HLG

Dear clients and friends: Given your interest in health and medicine, we would like to share with you our collection of the most interesting perspectives on our industry's trends and developments. We are happy to share them with you — and hope you share your thoughts with us.

1. Go Big or Go Home

Even in a period of economic growth, mid-sized firms are hurting. Harvard Business Review floats a few ideas on why – and suggests the challenges may be here to stay. Mid-size pharma beware?

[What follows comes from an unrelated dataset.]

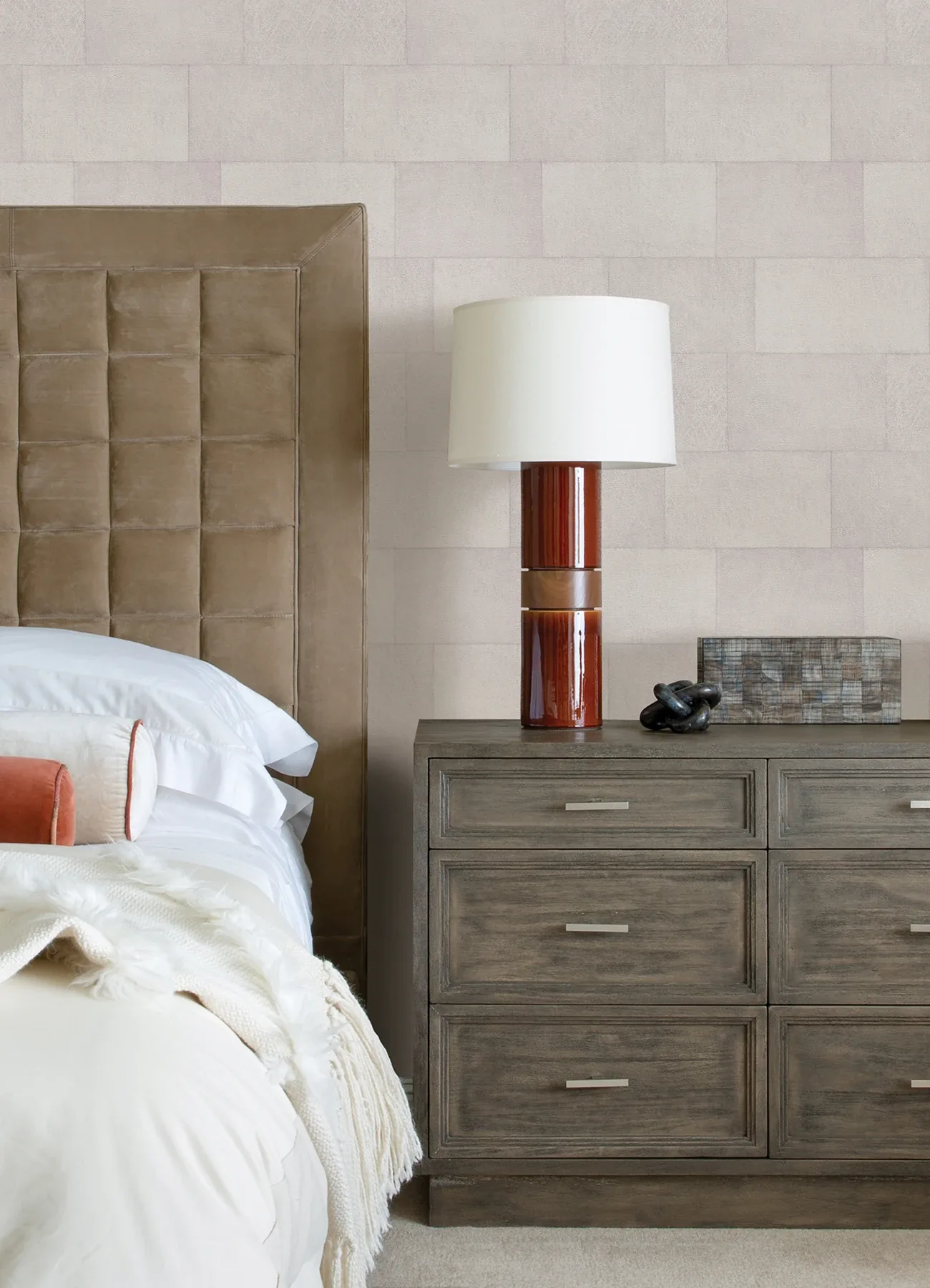 Brewster Home Fashions Lyell White Stone Wallpaper - SKU 4082-382012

One plausible reason is that businesses that could scale their virtual operations without the need for physical assets benefitted most from the technological progress and economic conditions…In contrast, midsize companies lacked not only the dynamism of small companies but also the R&D investment and scaling capabilities of large companies. Furthermore, the last decade was a winner takes-all-economy, with large companies like Amazon and Apple getting even bigger.

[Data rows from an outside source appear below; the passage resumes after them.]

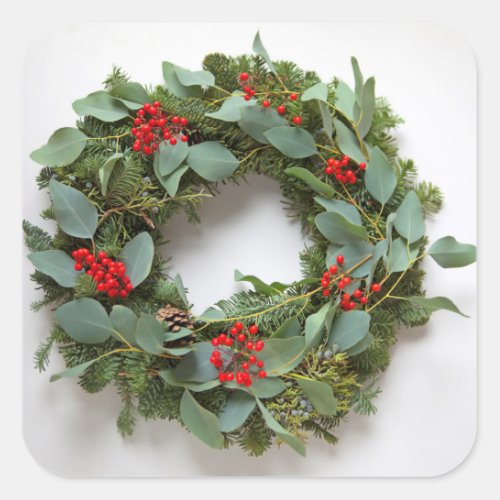 Christmas wreath with eucalyptus and berries square sticker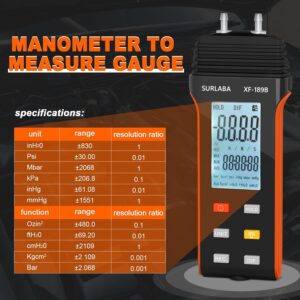 Manomètre pression différentiel numérique 30 psi, 11 unités
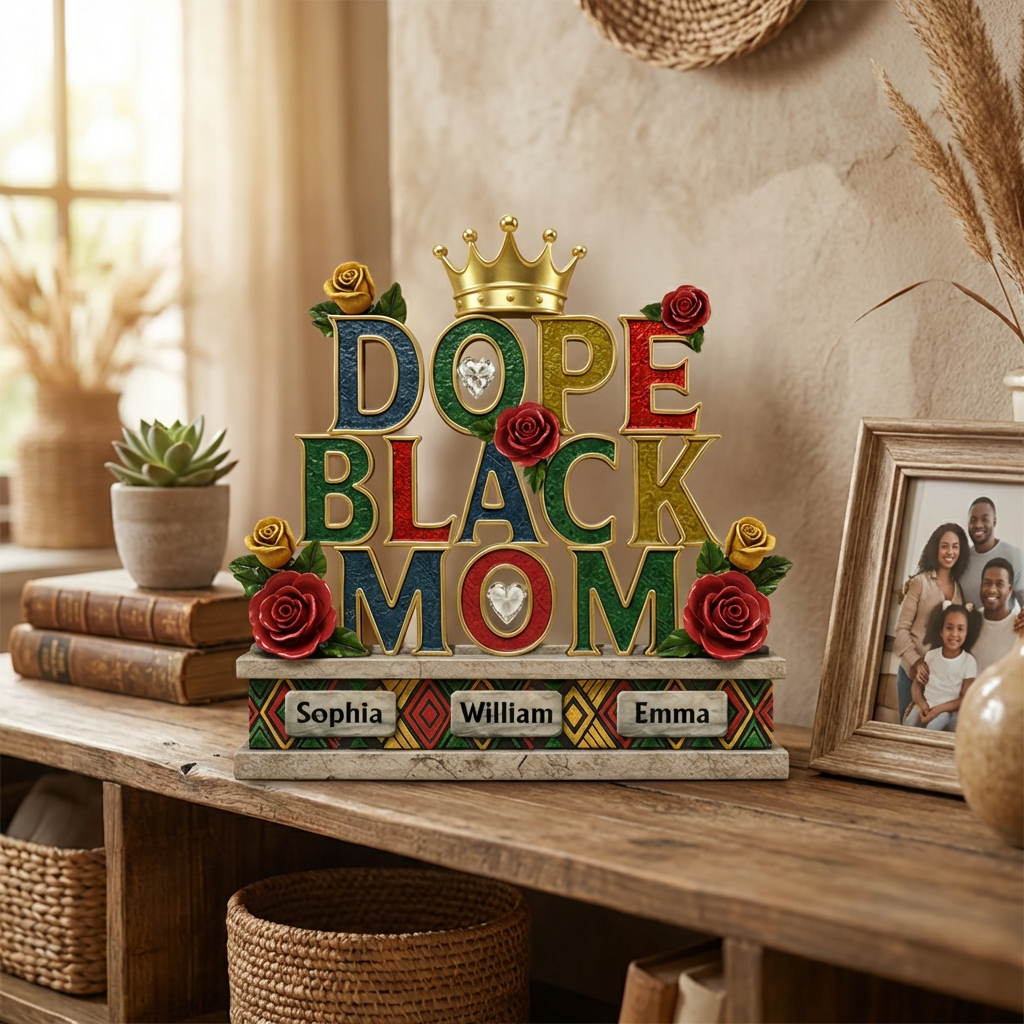 Dope Black Mom - Personalized Mother Custom Shaped Acrylic Plaque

2. Be More Like Cocoa Krispies

Is there a better way to share prescription drug side-effect information with patients? Many advocates believe so. Steven Woloshin, professor of medicine at the Dartmouth Institute, has a proposal. The Atlantic reports:

Woloshin developed what he calls a “drug-facts box”—a one-page sheet that doctors would give to patients or pull up via a website or app. In clear, simple language, the box describes exactly what the drug is for, how much it helps people, what the side effects are, and how often they occur. A sample box he sent me, for the insomnia drug Lunesta, shows that Lunesta helps people fall asleep about 15 minutes faster, but its users are about four times as likely to experience an aftertaste than those who took a placebo. Woloshin envisioned it as a nutrition label, but for prescription drugs. “If they can do that for Cocoa Krispies, why can’t you do it for Lipitor?” Woloshin said. The way Woloshin sees it, a doctor would show a patient the drug-facts box before prescribing a drug, so the doctor and patient together could decide whether the benefit of taking the medication outweighs the possible harms.

3. Global Health Goes Local

Need a break from COVID doomscrolling? Have a look at the Bill and Melinda Gates Foundation’s latest annual letter. It posits that the pandemic will usher in a better approach to global health:

If there’s a reason we’re optimistic about life on the other side of the pandemic, it’s this: While the pandemic has forced many people to learn a new vocabulary, it’s also brought new meaning to old terms like “global health.”

In the past, “global healt​​​​h” was rarely used to mean the health of everyone, everywhere. In practice, people in rich countries used this term to refer to the health of people in non-rich countries. A more accurate term probably would have been “developing country health.”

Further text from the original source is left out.